**DATASET RECORDS**
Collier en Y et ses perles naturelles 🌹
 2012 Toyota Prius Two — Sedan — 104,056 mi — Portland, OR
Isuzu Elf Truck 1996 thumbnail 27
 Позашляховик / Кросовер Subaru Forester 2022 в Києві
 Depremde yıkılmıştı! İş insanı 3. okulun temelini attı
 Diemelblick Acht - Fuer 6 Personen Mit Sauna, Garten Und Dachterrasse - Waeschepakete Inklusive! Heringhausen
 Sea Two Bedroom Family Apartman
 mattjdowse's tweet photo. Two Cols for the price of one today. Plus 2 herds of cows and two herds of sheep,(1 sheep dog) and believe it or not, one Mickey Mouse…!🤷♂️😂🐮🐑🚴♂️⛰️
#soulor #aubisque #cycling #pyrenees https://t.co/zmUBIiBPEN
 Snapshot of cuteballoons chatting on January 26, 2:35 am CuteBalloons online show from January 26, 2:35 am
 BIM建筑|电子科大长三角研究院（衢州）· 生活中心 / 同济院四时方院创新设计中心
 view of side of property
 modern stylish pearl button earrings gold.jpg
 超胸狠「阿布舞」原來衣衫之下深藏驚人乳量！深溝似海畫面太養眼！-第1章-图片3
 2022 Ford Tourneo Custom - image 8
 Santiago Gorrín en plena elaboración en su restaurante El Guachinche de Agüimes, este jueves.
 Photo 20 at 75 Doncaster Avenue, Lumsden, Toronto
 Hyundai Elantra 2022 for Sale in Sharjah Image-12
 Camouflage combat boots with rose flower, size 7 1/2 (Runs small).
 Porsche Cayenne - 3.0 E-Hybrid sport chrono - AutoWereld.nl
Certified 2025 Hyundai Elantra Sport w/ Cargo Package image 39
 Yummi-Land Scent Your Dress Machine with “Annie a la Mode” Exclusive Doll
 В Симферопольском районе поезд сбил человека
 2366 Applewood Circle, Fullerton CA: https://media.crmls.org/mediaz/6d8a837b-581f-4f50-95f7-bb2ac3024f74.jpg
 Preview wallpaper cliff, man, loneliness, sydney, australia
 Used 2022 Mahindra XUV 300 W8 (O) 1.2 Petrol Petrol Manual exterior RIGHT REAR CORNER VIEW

**AIM OF THE TASK**
Among the lines above, find those with the string "https" and copy them.

**TASK RESULT**
#soulor #aubisque #cycling #pyrenees https://t.co/zmUBIiBPEN
 2366 Applewood Circle, Fullerton CA: https://media.crmls.org/mediaz/6d8a837b-581f-4f50-95f7-bb2ac3024f74.jpg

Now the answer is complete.